Isso se ficarem sabendo, porque o LRA está dividido geograficamente, e seus milicianos acampam entre Sudão, Congo e República Centro-Africana. “O desafio”, observa Paul Ronan, analista da entidade The Resolve, “está na República Centro-Africana”. Segundo a informação reunida por essa organização, que a exemplo do The Enough Project e da popular Invisible Children – autora da campanha Kony2012 –, segue as pistas do LRA, homens às ordens de Kony se misturam no sudeste desse país com guerrilheiros do Seleka, grupo centro-africano de origem muçulmana que apoiou o golpe de Estado de Michel Djotodia em março de 2013. “É difícil saber se as atrocidades nessas comunidades são feitas por uns ou por outros”, admite Ronan.

Precisamente Djotodia – agora exilado – divulgou em novembro passado uma carta escrita de próprio punho por Kony manifestando o desejo de estabelecer um diálogo. Conforme documentou Ronan, o presidente interino centro-africano enviou uma missão militar com remédios e comida à localidade de Nzako, onde um grupo de rebeldes do LRA aguardava.

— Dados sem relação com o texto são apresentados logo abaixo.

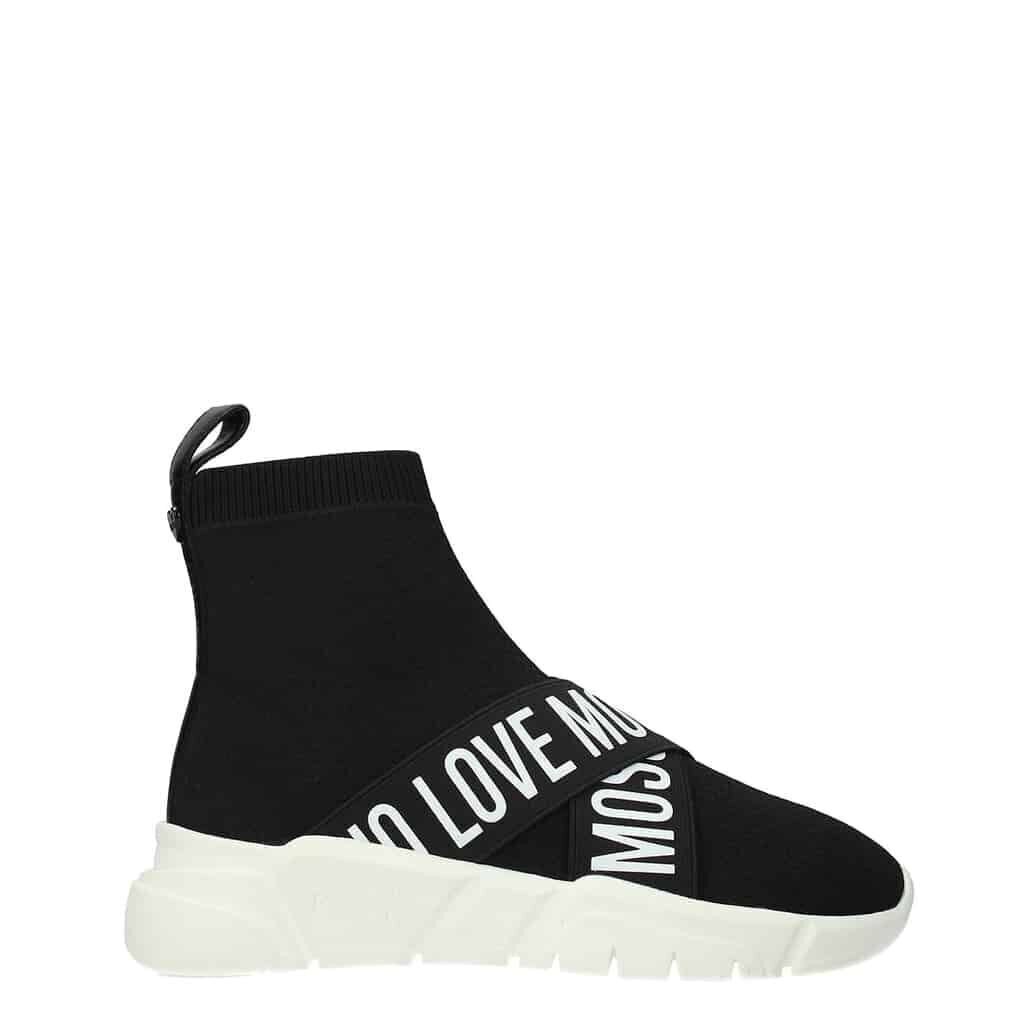 Love Moschino - JA15033G1DIZ0 60439 JA15033G1DIZ0_000-EU 41 цена и информация | Naiste spordi- ja vabaajajalatsid | kaup24.ee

Os militantes ficaram com as provisões, mas tentaram fugir e foram emboscados por tropas ugandenses. Havia sido uma armadilha.

E, como se fosse pouco, Ronan aponta outra fissura no combate ao LRA: o apoio de militares ugandenses ao presidente sul-sudanês, Salva Kiir – velhos laços que ajudam a explicar a frouxidão do Sudão com Kony e os seus. “Praticamente todos os soldados que lutam contra o LRA são ugandenses”, explica o analista, “e Uganda está desviando recursos para o Sudão do Sul”. E aí ficarão até que passe o pior, conforme anunciou o Governo de Kampala.

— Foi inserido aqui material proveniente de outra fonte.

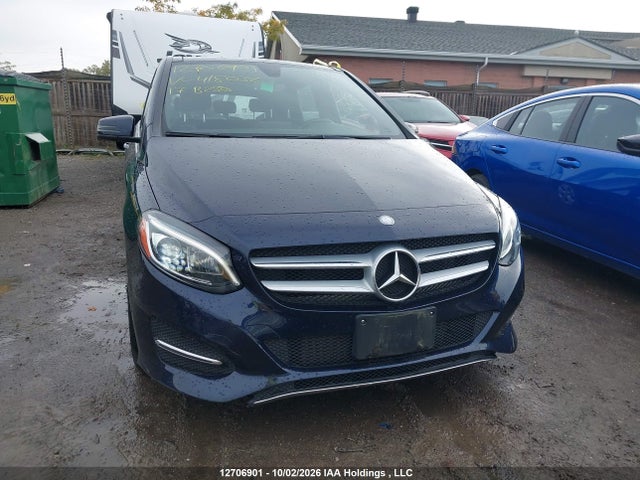 WDDMH4GB2HJ418032 Mercedes-Benz B250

Do que não cabe dúvida é que, como observa a Invisible Children, o número de vítimas do LRA diminuiu drasticamente nos últimos três anos. Segundo os dados desta organização, no último mês foi possível documentar a morte de apenas um civil nas mãos do LRA. No ano passado foram 75, ao passo que o cômputo desde dezembro de 2008 chega a 2.329 mortos. Tudo isto coincide com a chegada, em 2011, de uma centena de assessores norte-americanos para auxiliarem os soldados ugandenses.

Mas o combate a Kony não é travado apenas com satélites e missões em países vizinhos. No norte de Uganda, em localidades como Gulu e Kitgum, continua-se lutando pela reabilitação de ex-combatentes, mulheres de ex-membros do LRA e crianças nascidas em cativeiro; vítimas da violência sexual, de feridas de guerra, de maus tratos.... “As comunidades não estão preparadas para receber as crianças soldados”, afirma James Ronald Ojok, pesquisador do Refugee Law Program. “Lá, as aldeias rejeitam acolher e expulsam as mulheres de combatentes da ativa ou de paradeiro desconhecido.”

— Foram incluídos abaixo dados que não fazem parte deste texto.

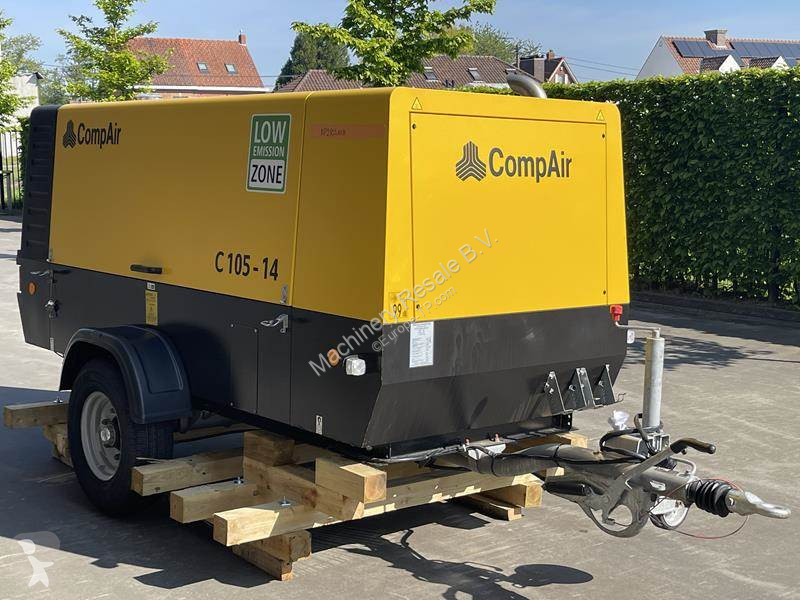 Materiaal voor de bouw Compair C 105 - 14 - N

Muitas crianças recrutadas como soldados, conforme registrou esta organização com sede em Kampala, não são aceitas por seus pais ou inclusive chegam a se sentir rejeitadas pela escola, voltando a pegar em armas, as quais estão agora em poder do Exército. “O que vão fazer, se foram guerrilheiros a vida inteira?” É o estigma que Kony deixou em suas vidas. Chegam muitos desertores? “Desde que eles foram para a República Centro-Africana e o Congo são menos; há muita distância e medo”, responde Ojok. “Mas, se o conflito terminar, receberemos muitos.”